Exercise goal: The listing that follows is to be output in full and without change.

Dataset excerpt:
━━━━━━━━━━━━━━━━

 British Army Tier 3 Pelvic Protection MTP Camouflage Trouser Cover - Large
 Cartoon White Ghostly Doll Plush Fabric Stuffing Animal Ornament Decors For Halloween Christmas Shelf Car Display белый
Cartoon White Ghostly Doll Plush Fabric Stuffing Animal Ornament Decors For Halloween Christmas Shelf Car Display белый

━━━━━━━━━━━━━━━━

Written response:
 British Army Tier 3 Pelvic Protection MTP Camouflage Trouser Cover - Large
 Cartoon White Ghostly Doll Plush Fabric Stuffing Animal Ornament Decors For Halloween Christmas Shelf Car Display белый
Cartoon White Ghostly Doll Plush Fabric Stuffing Animal Ornament Decors For Halloween Christmas Shelf Car Display белый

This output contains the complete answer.